Sol Lewitt, a central artist in contemporary art, has
produced drawings and paintings on walls in museums which he
accepts may eventually be painted over, moved, or repainted
by the owner (the actual painting is done by a crew
consisting mostly of artists who also do the repairs and
restorations). The idea for these works came to him in the
1960s, when he didn't want to produce objects—that is,
framed canvas paintings that were commodities. He did not
consider the colored wall to be an object and therefore it
was less salable, even noncommercial. Like many
installations, the work is both disposable and repeatable.

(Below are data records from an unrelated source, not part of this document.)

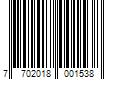 Barcode Image for UPC code 7702018001538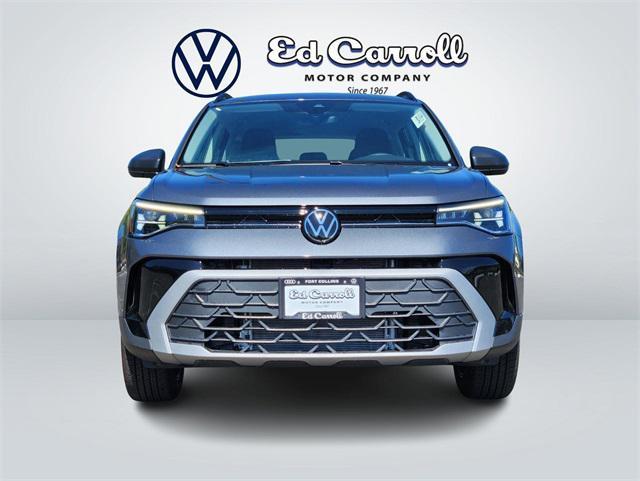 new 2025 Volkswagen Taos car, priced at $27,284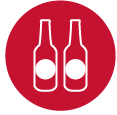Limit the amount of alcohol served to prevent your guests from becoming intoxicated;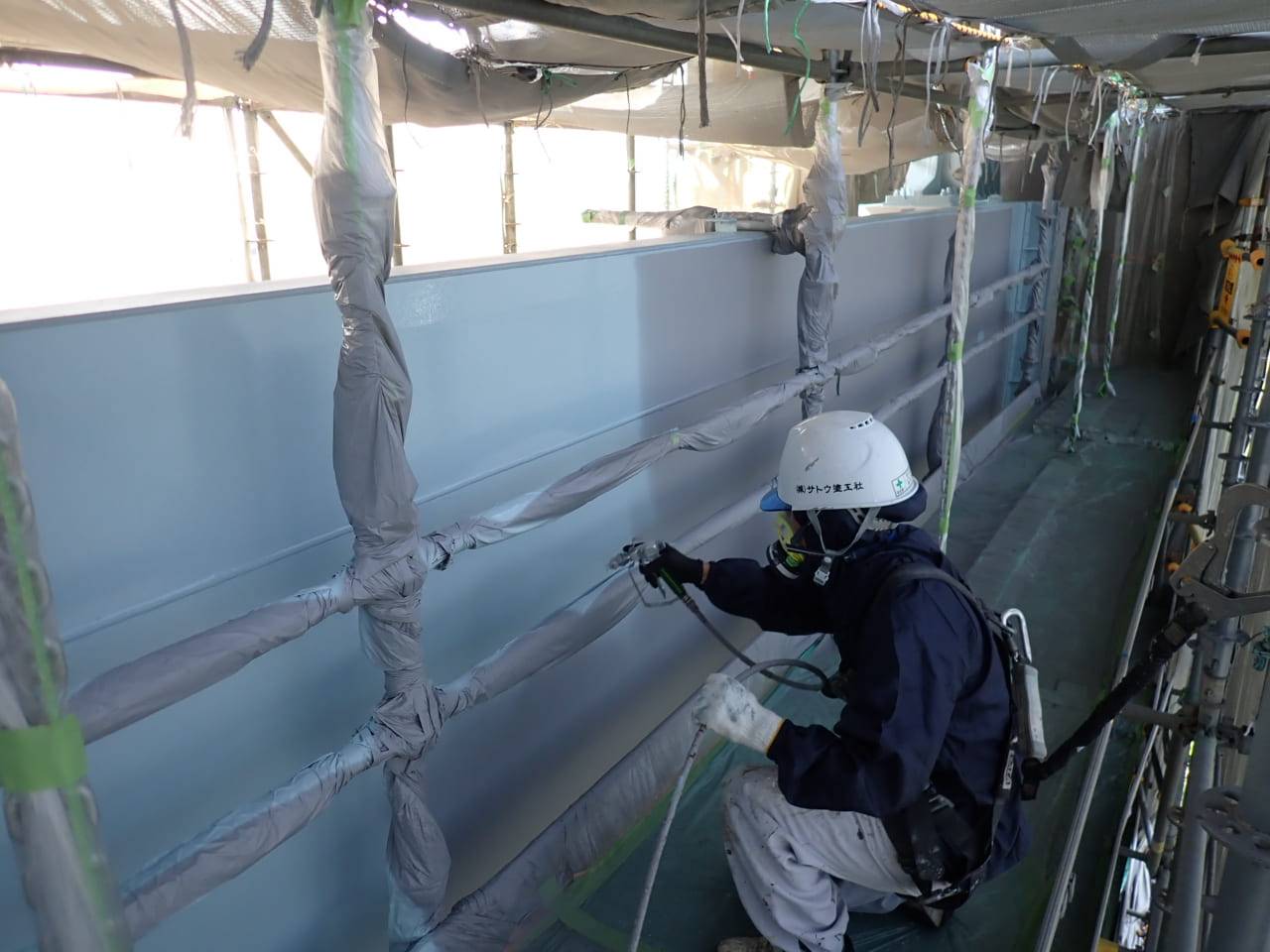 R３常陸川水門外塗装工事／国土交通省 関東地方整備局 霞ヶ浦河川事務所／難工事功労表彰【常陸川水門6号ゲート】【新横利根閘門】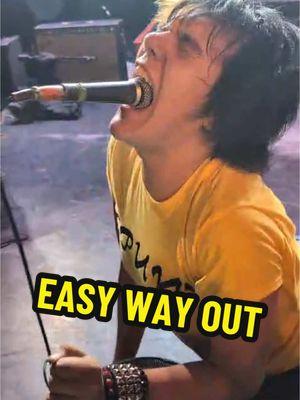 EASY WAY OUT LIVE AT THE ROXY #SoCalPunk #LosAngelesMusic #punk 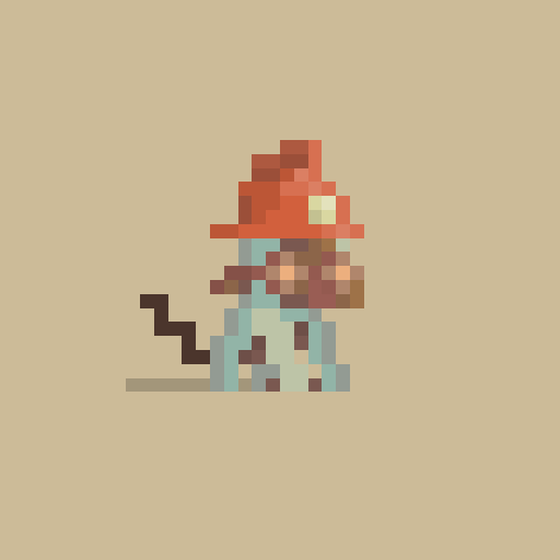 Tiny Monkey #800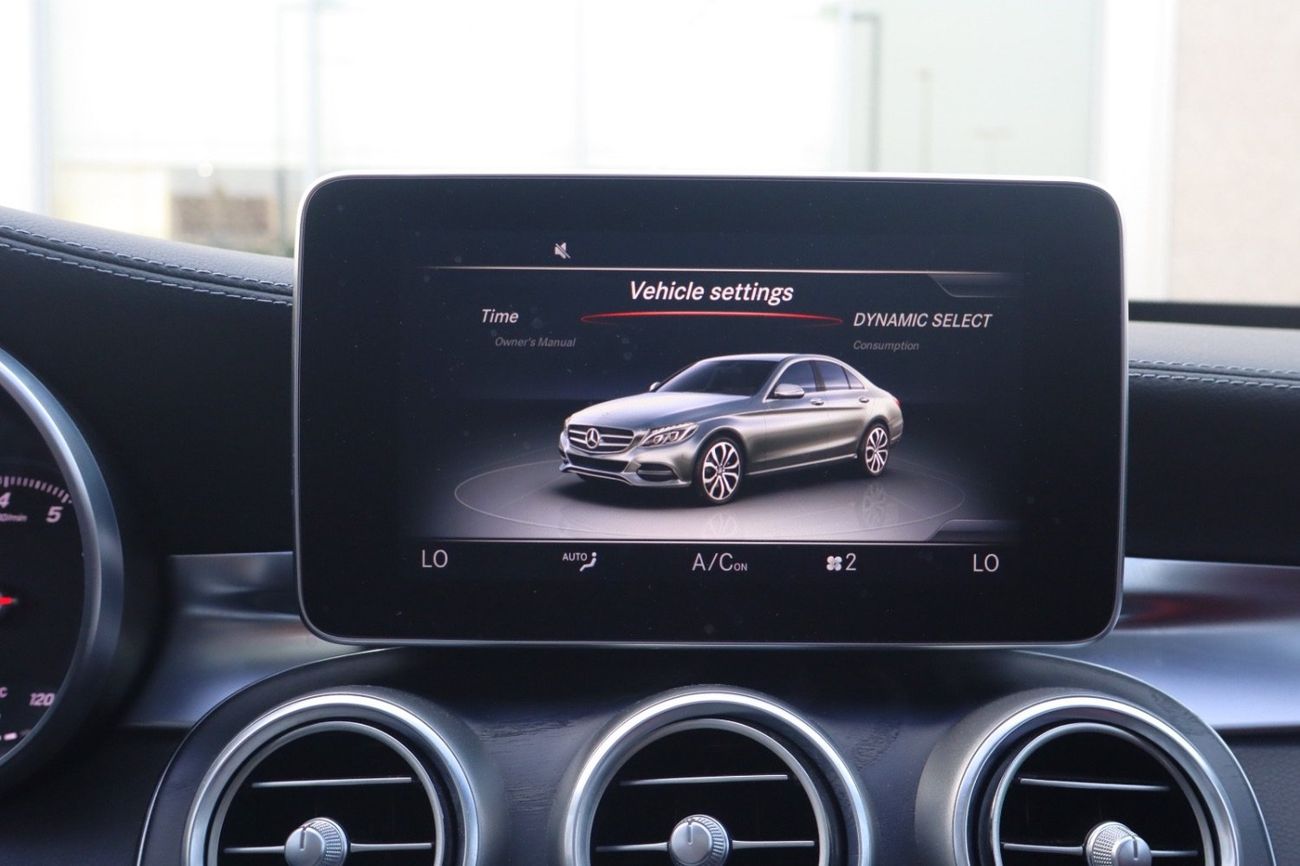 مرسيدس بنز C 200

Although he acknowledges that when the work is
reconstructed, there might be slight variation, he makes an
analogy to a musical composition, which can be interpreted
by many different performers.
Artists may actually intend that their work be temporary
and non-repeatable. In 1997 Andy Goldsworthy was
commissioned by the Getty Research Institute to produce a
temporary, site-specific installation for their reading
room. He chose to create a clay artwork consisting of
material found on the Getty Center site, a piece he expected
to change in appearance following its installation. "I
wanted cracks that were not an aesthetic decoration on the
piece, but real cracks," he told me. In the end, he was
surprised at the amount of cracking, but pleased by it as
well. "It's a feeling that you've released something that
you're not really in control of, and you don't know where
it's going to end. That happens to me all the time in my
ephemeral work."
These conversations—and many others—confirmed the
virtue of convening a multidisciplinary gathering to address
the provocative questions of preservation. The nonuniformity
of voices needed exposure to clarify the immensity of
philosophical, ethical, and technological challenges that
confront us in preserving 20th-century art.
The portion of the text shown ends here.